Task brief: Once you find the line with "Hombre arroja al", transcribe it and all the lines that follow to the end of the data, exactly as written; skip any pictures.

Image-caption web data:
========

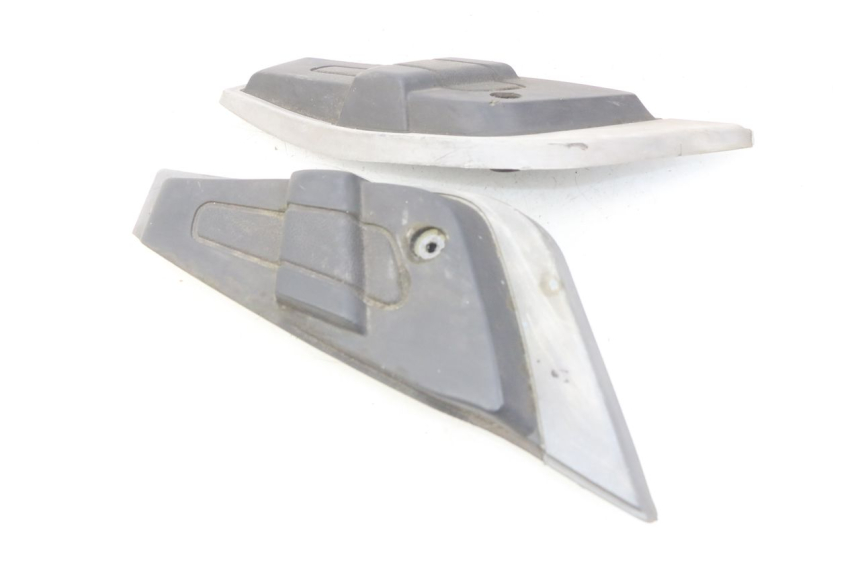 photo de PAR DE APOYAPIÉS TRASEROS PIAGGIO X9 EVOLUTION 500 (2003 - 2005) - Otra perspectiva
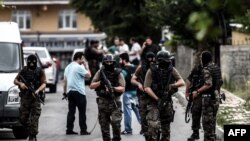 Թուրքիա - Հատուկջոկատայինները Սուլթանբեյլիի ոստիկանատան մոտ, Ստամբուլ, 10-ը օգոստոսի, 2015թ․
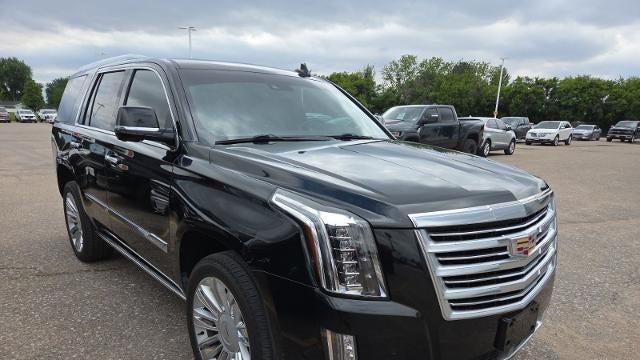 2017 Cadillac Escalade Platinum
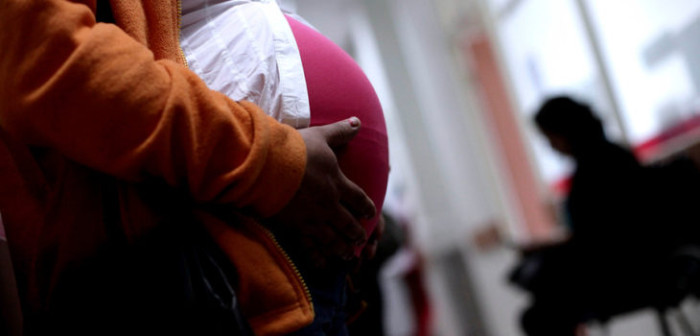 Hombre arroja al suelo y se sienta sobre su expareja con ocho meses de embarazo en Calama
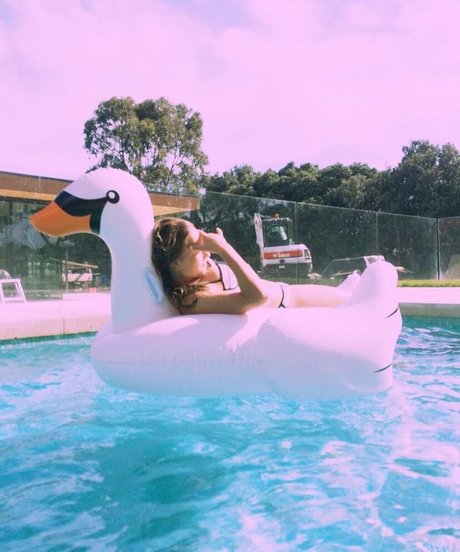 Alanna Pow 最高のスター アーカイブ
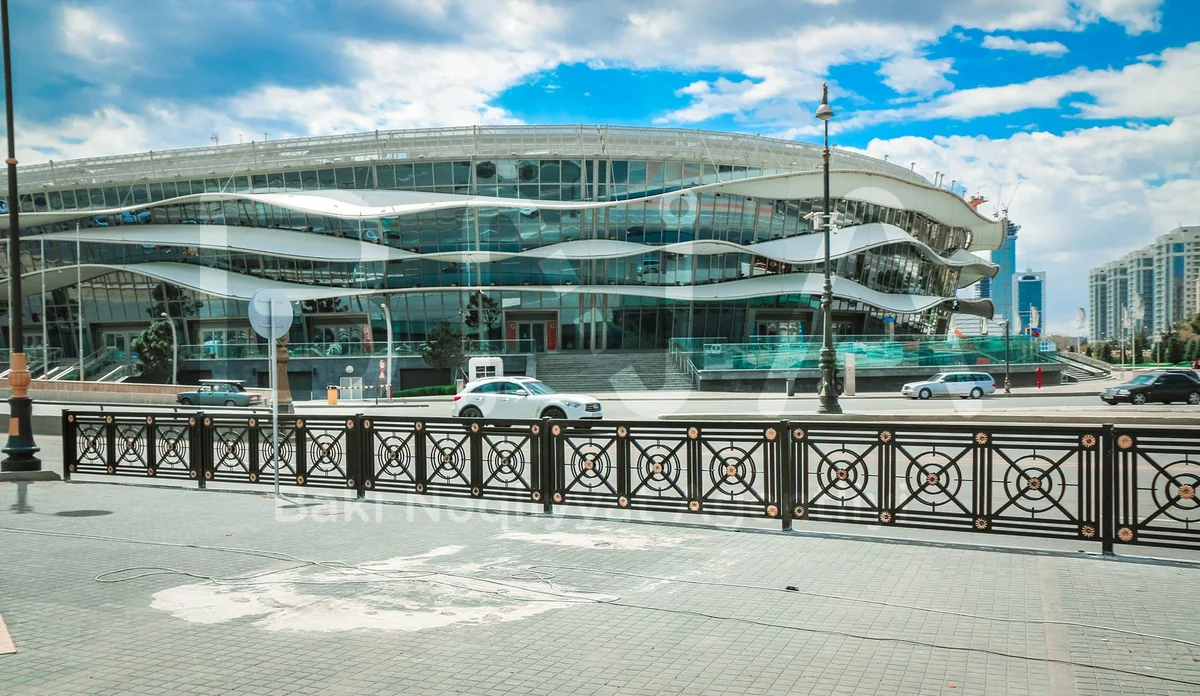 Metronun “Koroğlu” stansiyasının yaxınlığındakə avtobus dayanacağı ləğv edilir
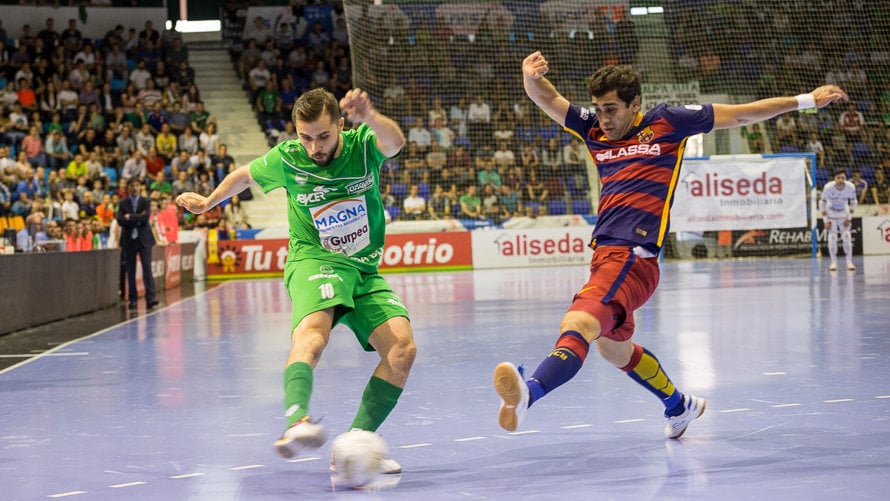 Segundo partido de las semifinales de la Liga de Fútbol Sala entre Magna Gurpea y FC Barcelona Lassa (1-3)(22). IÑIGO ALZUGARAY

========

Solution to the problem:
 Hombre arroja al suelo y se sienta sobre su expareja con ocho meses de embarazo en Calama
 Alanna Pow 最高のスター アーカイブ
 Metronun “Koroğlu” stansiyasının yaxınlığındakə avtobus dayanacağı ləğv edilir
 Segundo partido de las semifinales de la Liga de Fútbol Sala entre Magna Gurpea y FC Barcelona Lassa (1-3)(22). IÑIGO ALZUGARAY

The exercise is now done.